Could you write out every record below exactly, leaving the pictures out?

Crawled caption data
▬▬▬▬▬▬

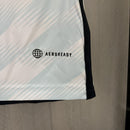 Camisa Cruzeiro 2023/24 II Away - Feminina - Branca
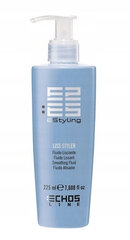 Echosline EStyling Liss Styler Fluid, 225ml kaina ir informacija | Plaukų formavimo priemonės | pigu.lt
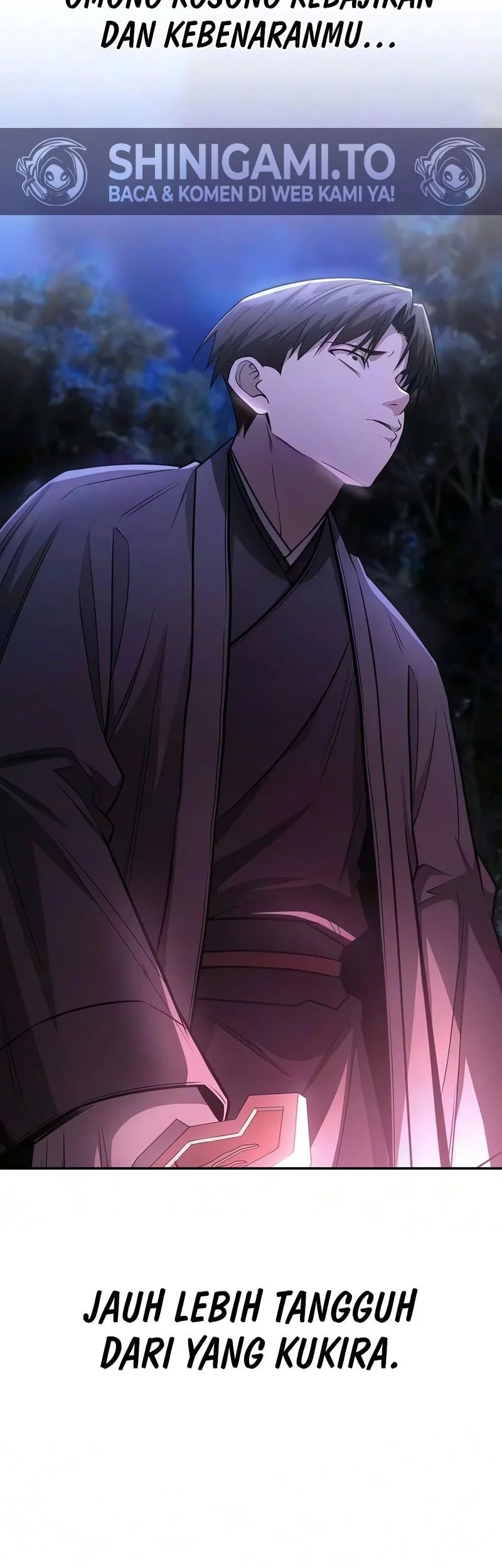 Mount Hua Sect’s Genius Phantom Swordsman Chapter 66 - halaman 12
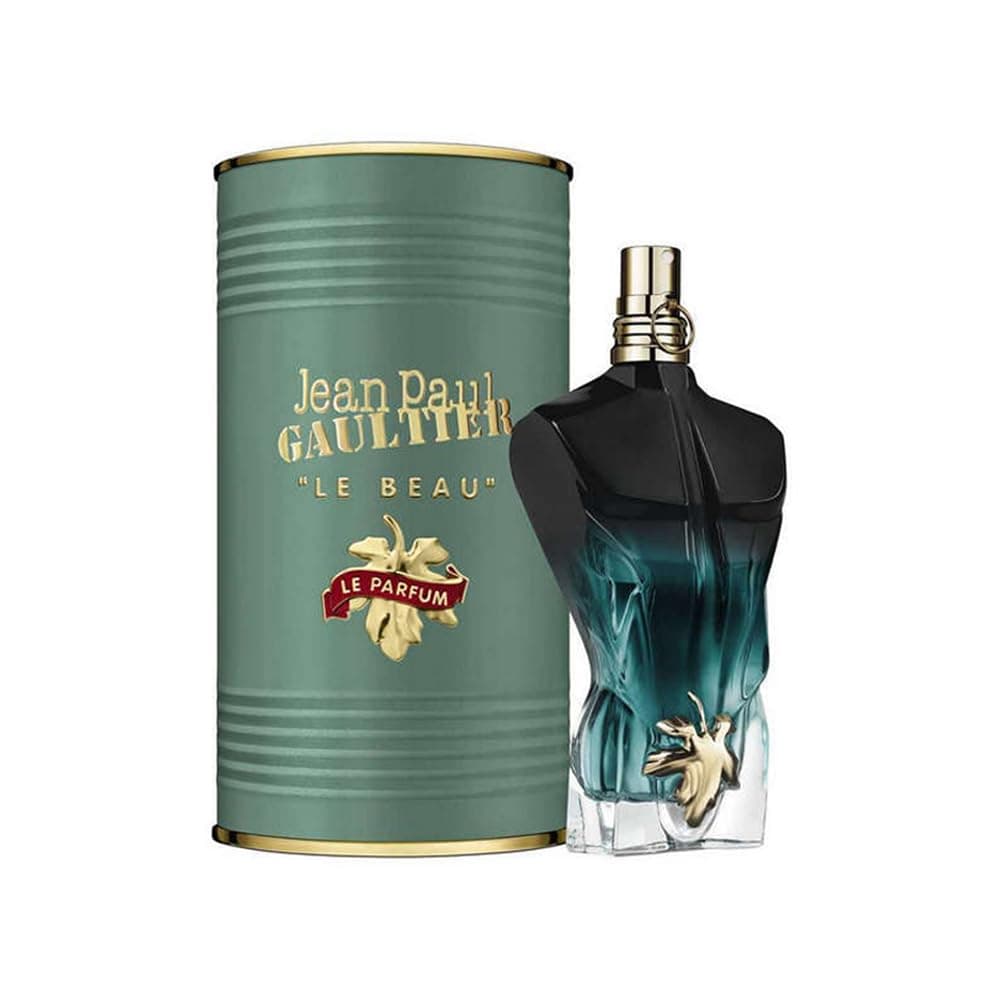 Jean Paul Gaultier Le Beau Le Parfum Eau de Parfum 75ml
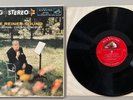 RCA Victor Living Stereo LSC-2183 Reiner Sound Ravel 16s/20s SD TAS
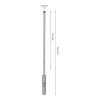 Urbja uzgalis Bosch SDS plus-7X 5.5 mm 215 mm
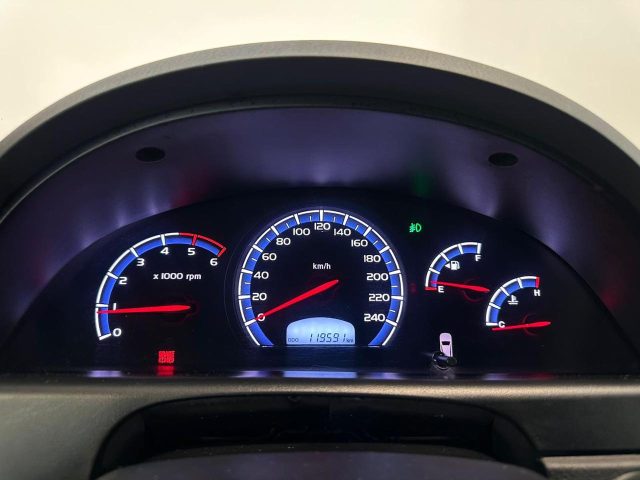 SSANGYONG REXTON usata, con Cerchi in lega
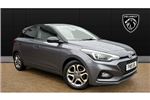 2019 Hyundai i20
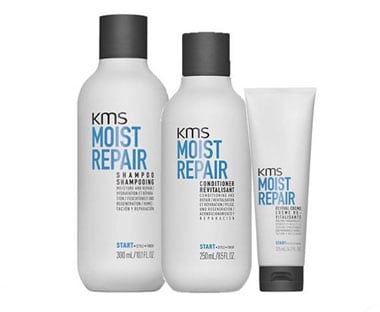KMS - Moist Repair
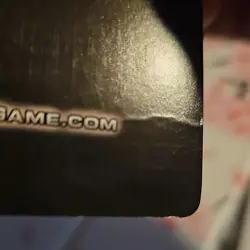 Chaotic TCG Maxxor Protector of Perim Ultra Rare Holo Creature Card #6/100 MAX S - Image 4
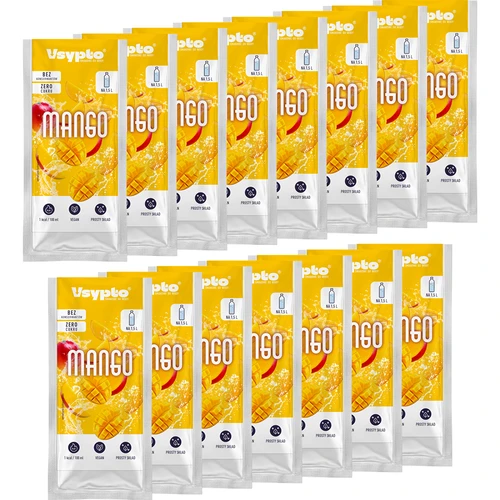 Vsypto Mango - set 15x9 g - 4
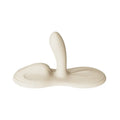 Flora Smart Vibrating Pad - Ivory - Vibrator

▬▬▬▬▬▬

**PROBLEM SOLUTION**
 Camisa Cruzeiro 2023/24 II Away - Feminina - Branca
 Echosline EStyling Liss Styler Fluid, 225ml kaina ir informacija | Plaukų formavimo priemonės | pigu.lt
 Mount Hua Sect’s Genius Phantom Swordsman Chapter 66 - halaman 12
 Jean Paul Gaultier Le Beau Le Parfum Eau de Parfum 75ml
 RCA Victor Living Stereo LSC-2183 Reiner Sound Ravel 16s/20s SD TAS
 Urbja uzgalis Bosch SDS plus-7X 5.5 mm 215 mm
 SSANGYONG REXTON usata, con Cerchi in lega
 2019 Hyundai i20
KMS - Moist Repair
 Chaotic TCG Maxxor Protector of Perim Ultra Rare Holo Creature Card #6/100 MAX S - Image 4
 Vsypto Mango - set 15x9 g - 4
 Flora Smart Vibrating Pad - Ivory - Vibrator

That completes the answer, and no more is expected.